◆ **Data records**:
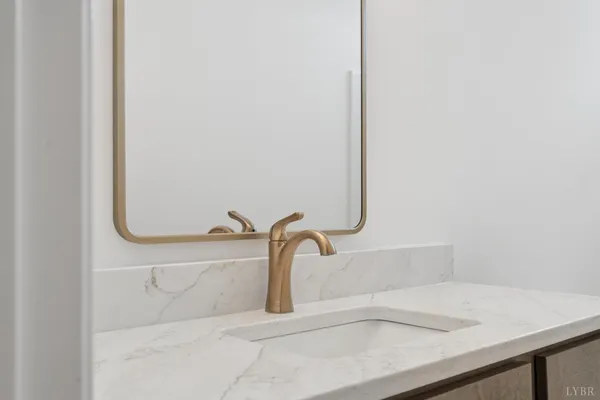 a view of a house with a yard chairs and table in the patio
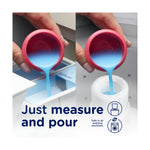 Hands pouring blue liquid fabric softener from a pink cap into washer dispenser and filler showing two pour options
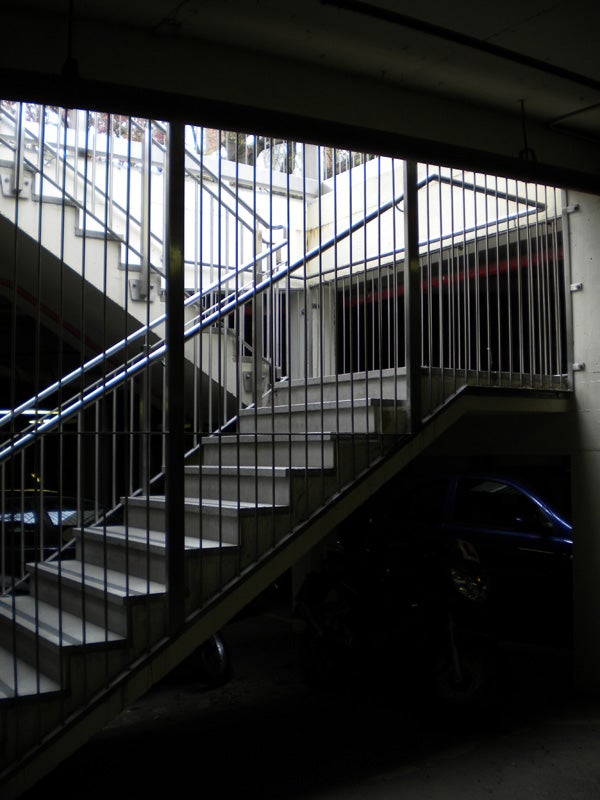 Underexposed image of a parking garage staircase with vehicles.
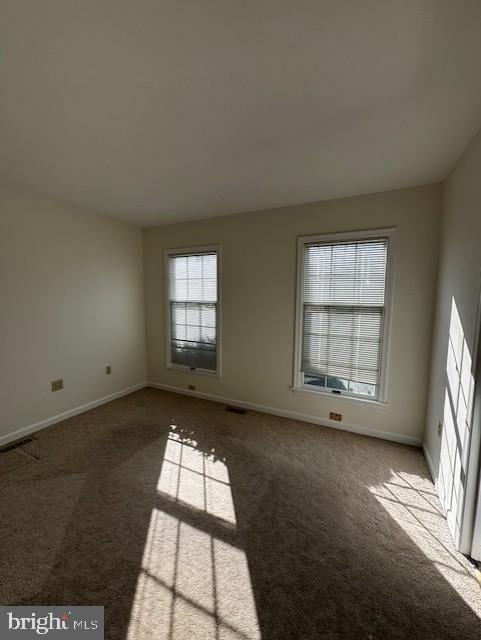 unfurnished room with carpet floors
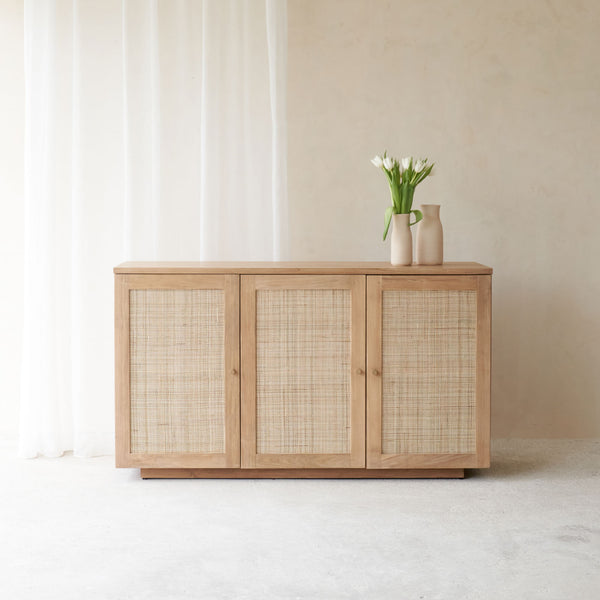 Hudson Natural Teak Rattan Sideboard, 3 Doors, Square Webbing. Rattan details and metal handles with generous storage. Versatile and timeless piece. Available at $3280.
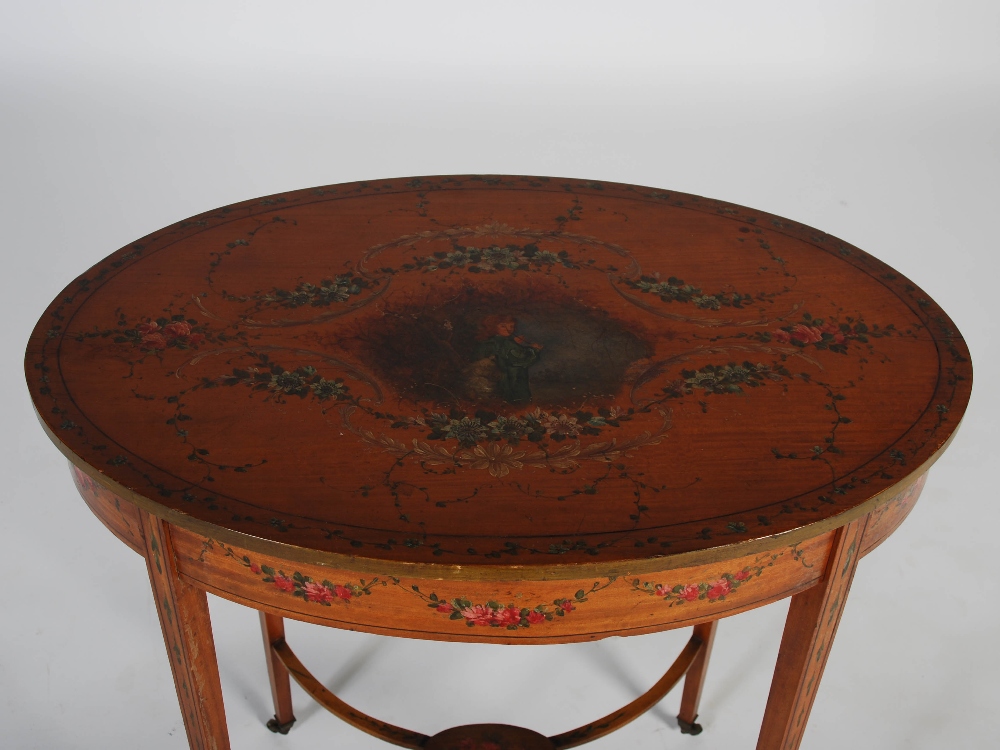 An Edwardian painted satinwood occasional table, the oval shaped top decorated with vignette of a - Image 2 of 5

◆ **Task requirements**:
Pictures should not appear; only the lines from the start of the listing above to the line containing "unfurnished room with carpet floors", both ends included, are to be repeated exactly.

◆ **Response area**:
 a view of a house with a yard chairs and table in the patio
 Hands pouring blue liquid fabric softener from a pink cap into washer dispenser and filler showing two pour options
 Underexposed image of a parking garage staircase with vehicles.
 unfurnished room with carpet floors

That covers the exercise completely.